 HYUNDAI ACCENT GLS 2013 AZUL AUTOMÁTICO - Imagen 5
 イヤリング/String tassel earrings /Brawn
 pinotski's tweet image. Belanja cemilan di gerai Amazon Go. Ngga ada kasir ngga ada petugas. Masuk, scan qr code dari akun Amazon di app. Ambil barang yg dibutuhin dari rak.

------------------------------------

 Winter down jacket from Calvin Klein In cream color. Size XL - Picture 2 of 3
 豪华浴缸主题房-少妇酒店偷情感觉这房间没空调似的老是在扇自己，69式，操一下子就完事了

------------------------------------

Everything above from the line containing "HYUNDAI ACCENT GLS" down to the line containing "pinotski's tweet image." is to be transcribed exactly, with both of those lines included and nothing else added.

 HYUNDAI ACCENT GLS 2013 AZUL AUTOMÁTICO - Imagen 5
 イヤリング/String tassel earrings /Brawn
 pinotski's tweet image. Belanja cemilan di gerai Amazon Go. Ngga ada kasir ngga ada petugas. Masuk, scan qr code dari akun Amazon di app. Ambil barang yg dibutuhin dari rak.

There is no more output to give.